Van Gogh No!

(This article features two separate accounts from two of our talented writers)


On October 14th, 2022, the $8.42 million sunflower painting by Van Gogh was vandalized by climate activists. The two protestors threw a can of soup at the infamous painting and then glued themselves to the wall while shouting protests.  

The activists were protesting on behalf of the organization, “Just Stop Oil.” There is video footage of the incident where the observers call for security while the protesters continue to discuss the topic. One activist asks, “What is worth more, art or life?” They then continue as security confronts them and tries to get them off the wall. She continues, “We cannot afford new oil and gas. It is going to take everything we know and love.” 

The security guards were able to remove the protestors from the wall, and they were arrested. The painting was seen undamaged a few hours after the attack.

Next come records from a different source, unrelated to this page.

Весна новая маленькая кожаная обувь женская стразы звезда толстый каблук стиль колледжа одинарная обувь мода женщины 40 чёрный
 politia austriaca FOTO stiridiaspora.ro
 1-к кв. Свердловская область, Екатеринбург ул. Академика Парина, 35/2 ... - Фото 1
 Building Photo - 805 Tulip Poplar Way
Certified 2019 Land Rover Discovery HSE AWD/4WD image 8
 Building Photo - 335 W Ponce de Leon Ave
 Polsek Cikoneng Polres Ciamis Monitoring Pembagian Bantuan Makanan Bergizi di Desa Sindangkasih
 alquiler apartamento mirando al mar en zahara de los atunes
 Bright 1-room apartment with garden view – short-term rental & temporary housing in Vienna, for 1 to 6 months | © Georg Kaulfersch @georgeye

A similar stunt occurred this past summer when protestors taped “modern revisions” by the same organization. These protestors taped apocalyptic views of the future to the painting, causing minor damage to it. Both protesters were arrested, and it was later discovered that they had also spray painted their organization’s logo onto the floor in orange spray paint.


On October 14, oil protesters from the Just Stop Oil campaign group threw soup on the famous Van Gogh painting “Sunflowers”. The painting, held at the National Gallery in London, was unframed and, except minor for minor damages to the frame, is in good condition, officials say. The two protesters each threw a can of Heinz tomato soup on the painting and then glued their hands to the wall below the painting. Earlier this year, members of Just Stop Oil glued their hands to other works of art to create climate change awareness, including Da Vinci’s “The Last Supper” at London’s Royal Academy of Art. They have also protested by blocking roads and racetracks. The apparent point of the protest was to raise awareness of the U.K. ‘s energy crisis, one protester shouting “The cost-of-living crisis is part of the cost of oil crisis. Fuel is unaffordable to millions of cold, hungry families. They can’t even afford to heat a tin of soup. “The protest follows the U.K.’s new round of licensing of North Sea oil earlier this month, the group’s goal being to end the use of fossil fuels in the U.K. 13% of the average U.K. households’ income goes towards home energy and vehicle fuel, which is significantly more than those of the US (around 4-7%). The two protesters were arrested and pleaded not guilty during two court hearings.